2) Get healthy. Seriously. While I try to stay healthy in terms of eating right (but note: chocolate is always right), getting a decent amount of sleep, and keeping stress in check, I have never ever been good about physical activity, and it’s becoming ever more hypocritical of me to be in medicine and not participate in one of the most well-established ways of promoting health and preventing disease. So I joined a gym, and I’m posting about it here so the world is a witness to my goal of working out regularly. I’m excited about the gym’s many group classes, especially yoga, and Penny will help keep me entertained on the elliptical. I don’t expect to ever run a marathon or bench press more than… (you don’t want to know what I can do now) but at least I hope I can be one of those doctors who can empathize with the difficulty patients have in getting enough exercise, but also show them that it’s possible to make positive changes.

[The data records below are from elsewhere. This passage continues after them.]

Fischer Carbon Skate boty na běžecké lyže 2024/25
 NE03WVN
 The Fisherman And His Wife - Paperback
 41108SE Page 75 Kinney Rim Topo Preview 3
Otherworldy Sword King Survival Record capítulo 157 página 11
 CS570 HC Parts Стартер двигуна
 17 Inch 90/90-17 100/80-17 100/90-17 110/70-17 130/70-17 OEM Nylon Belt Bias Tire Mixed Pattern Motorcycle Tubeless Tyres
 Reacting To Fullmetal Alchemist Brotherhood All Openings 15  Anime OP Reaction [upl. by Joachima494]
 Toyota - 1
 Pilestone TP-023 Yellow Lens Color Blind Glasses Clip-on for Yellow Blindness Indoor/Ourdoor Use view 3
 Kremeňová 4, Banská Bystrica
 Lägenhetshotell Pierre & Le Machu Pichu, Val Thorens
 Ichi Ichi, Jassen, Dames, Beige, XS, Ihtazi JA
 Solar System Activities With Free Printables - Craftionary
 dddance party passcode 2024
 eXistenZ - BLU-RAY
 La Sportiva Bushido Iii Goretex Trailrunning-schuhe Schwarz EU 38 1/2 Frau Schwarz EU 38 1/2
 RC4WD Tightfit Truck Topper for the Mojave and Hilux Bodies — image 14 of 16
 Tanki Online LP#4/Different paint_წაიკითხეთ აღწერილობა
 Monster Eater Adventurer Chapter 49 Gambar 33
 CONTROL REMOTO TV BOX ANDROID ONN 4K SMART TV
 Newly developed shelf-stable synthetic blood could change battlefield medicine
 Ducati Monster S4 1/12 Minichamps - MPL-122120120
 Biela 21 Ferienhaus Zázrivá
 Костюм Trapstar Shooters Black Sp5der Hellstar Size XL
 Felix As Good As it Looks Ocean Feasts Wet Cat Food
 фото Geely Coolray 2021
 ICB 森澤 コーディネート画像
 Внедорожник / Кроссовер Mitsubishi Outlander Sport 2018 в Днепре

3) Reflect every day. I’d like to think that I’m pretty good at reflection in terms of it coming easily to me when I take the time, especially when I sit down to write here or in other forums and the words flow for hours. But I think it would help me grow more as a doctor in both knowledge and empathy if I took a little time more often. While I was on surgery, I felt like all I had the mental capacity for at the end of the day was to come home and flop down on the couch and watch Chicago Hope reruns. (Note: Chicago Hope is a TV show about surgeons. There has to be some interesting psychological observation in there somewhere that I unwound from a day of surgery by watching a surgery show.) But I think I was letting myself off too easy, and I think it would have been better for me if I had taken a couple of minutes to just go back over the cases of the day and what I learned from them, in terms of both hard facts and professional development. We were given two pocket-size booklets at the beginning of our third year to keep track of patients we see, tasks and procedures we do (I finally did a successful intubation! Heck yeah!), and topics we cover. And I have been terrible at keeping up in them. I hope my course directors aren’t reading this – but if they are, I am hereby promising to be better in the future. I think it will be a useful exercise for me to sit down with those books at the end of every day and update them, not just as a record the way the books were assigned, but as a jumping off point to fix in my mind the patients I saw and the topics I learned about.

I know this post wasn’t in my usual reflective vein, and there is so, so much more I could and should say about my experiences so far, and my three goals are neither original nor particularly interesting to anyone but me. But at least they were rooted in reflection and recognition of a few of the many things I have to work on, and if you can’t come clean to your own blog (and its handful of readers), then who can you come clean to? So I’m crossing my fingers as I enter another clerkship, and especially medicine, that I will have come a long way by the end of these next three months.